Mostly though this seems to be a quantitative issue: if paperclips are halfway between extinction and flourishing, then paperclipping is nearly as bad and avoiding it is nearly as important.
Most people seem to think that {universe mostly full of identical paperclips} is worse than {universe full of diverse conscious entities having fun}
Yes, I think that too. You’re confusing “I’d be happy with either X or Y” with “I have no preference between X and Y”.
Mostly though this seems to be a quantitative issue: if paperclips are halfway between extinction and flourishing, then paperclipping is nearly as bad and avoiding it is nearly as important.
Most issues are quantitative. And if paperclips are 99% of the way from extinction to flourishing (whatever exactly that means), then paperclipping is pretty good.

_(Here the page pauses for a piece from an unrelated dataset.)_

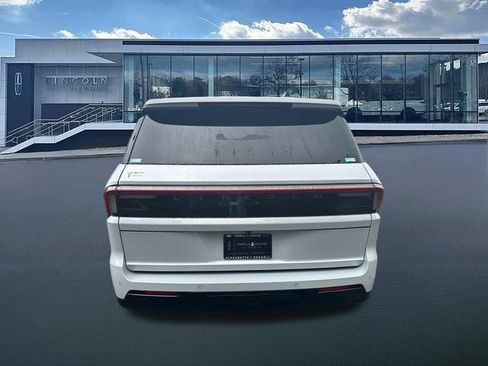 New 2026 Lincoln Navigator Premiere AWD/4WD image 7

Yes, I think that too. You’re confusing “I’d be happy with either X or Y” with “I have no preference between X and Y”
I may have misunderstood. It sounds like your comment probably isn’t relevant to the point of my post, except insofar as I describe a view which isn’t your view. I would also agree that paperclipping is better than extinction.

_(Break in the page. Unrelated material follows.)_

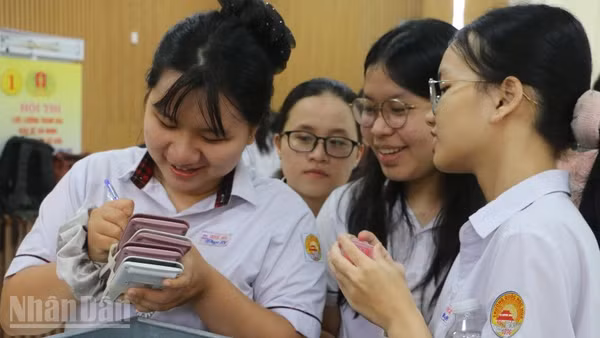 Sau giờ làm bài ở điểm thi Trường trung học phổ thông Quốc học Huế. (Ảnh DQT)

It sounds like your comment probably isn’t relevant to the point of my post, except insofar as I describe a view which isn’t your view.

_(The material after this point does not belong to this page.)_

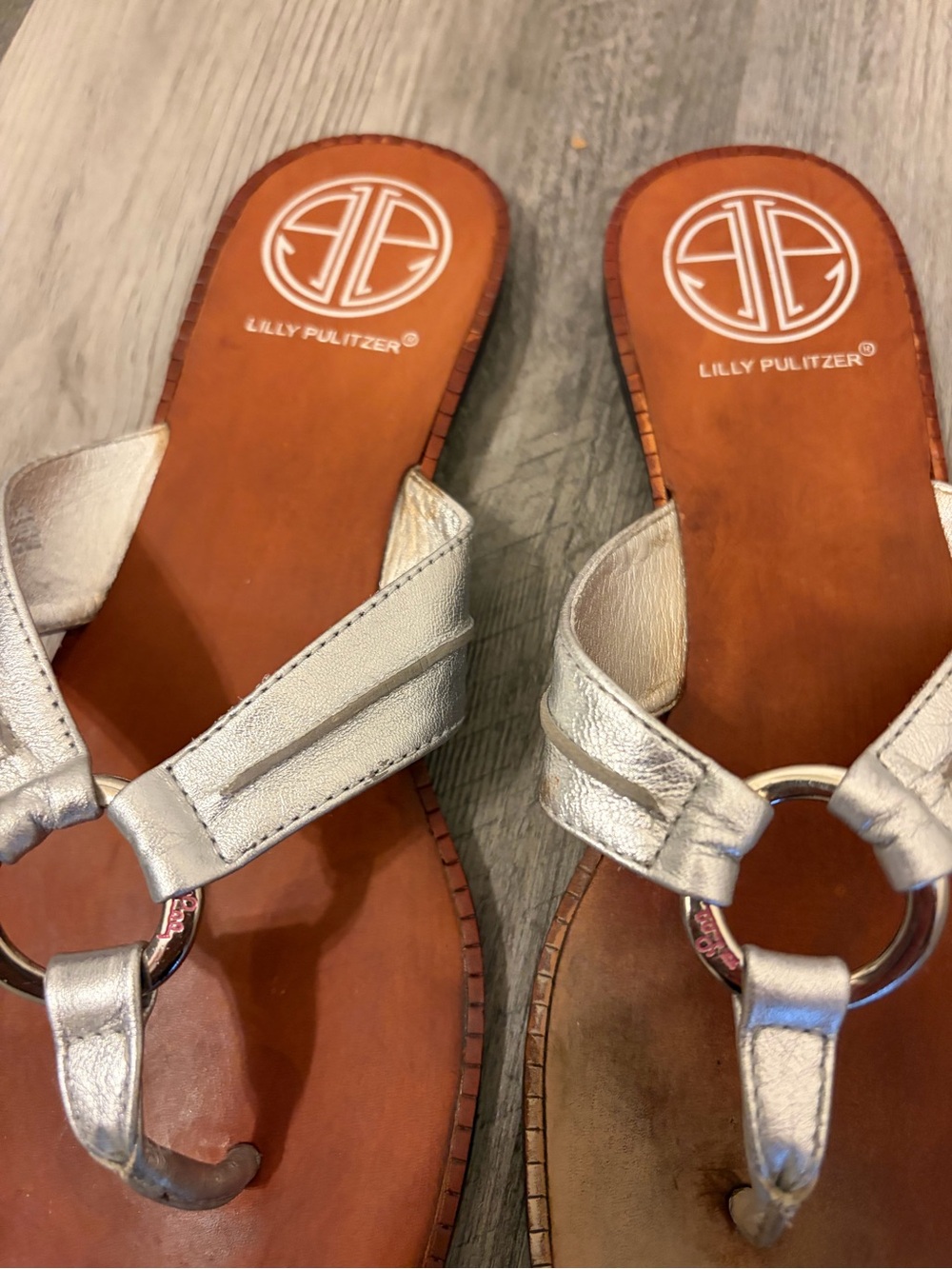 Lilly Pulitzer McKim Silver Leather Ring Thong Sandals Size 7.5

Yes, you describe a view that isn’t my view, and then use that view to criticize intuitions that are similar to my intuitions. The view you describe is making simple errors that should be easy to correct, and my view isn’t. I don’t really know how the group of “people who aren’t too worried about paperclipping” breaks down between “people who underestimate P(paperclipping)” and “people who think paperclipping is ok, even if suboptimal” in numbers, maybe the latter really is rare. But the former group should shrink with some education, and the latter might grow from it.
[Moderator note: I wrote a warning to you on another post a few days ago, so this is your second warning. The next warning will result in a temporary ban.]
Basically everything I said in my last comment still holds:
I’ve recently found that your comments pretty reliably ended up in frustrating conversations for both parties (multiple authors and commenters have sent us PMs complaining about their interactions with you), were often downvoted, and often just felt like they were missing the point of the original article.
You are clearly putting a lot of time into commenting on LW, and I think that’s good, but I think right now it would be a lot better if you would comment less often, and try to increase the average quality of the comments you write. I think right now you are taking up a lot of bandwidth on the site, disproportionate to the quality of your contributions.
Since then, it does not seem like you significantly reduced the volume of comments you’ve been writing, and I have not perceived a significant increase in the amount of thought and effort that goes into every single one of your comments. I continue to think that you could be a great contributor to LessWrong, but also think that for that to happen, it seems necessary that you take on significantly more interpretative labor in your comments, and put more effort into being clear. It still appears that most comment exchanges that involve you cause most readers and co-commenters to feel attacked by you or misunderstand you, and quickly get frustrated.
I think it might be the correct call (though I obviously don’t know your constraints and thought-habits around commenting here) to aim to write one comment per day, instead of an average of three, with that one comment having three times as much thought and care put into it, and with particular attention towards trying to be more collaborative, instead of adversarial.
A paperclip-maximizer could turn out to be much, much worse than a nuclear war extinction, depending on how suffering subroutines and acausal trade works.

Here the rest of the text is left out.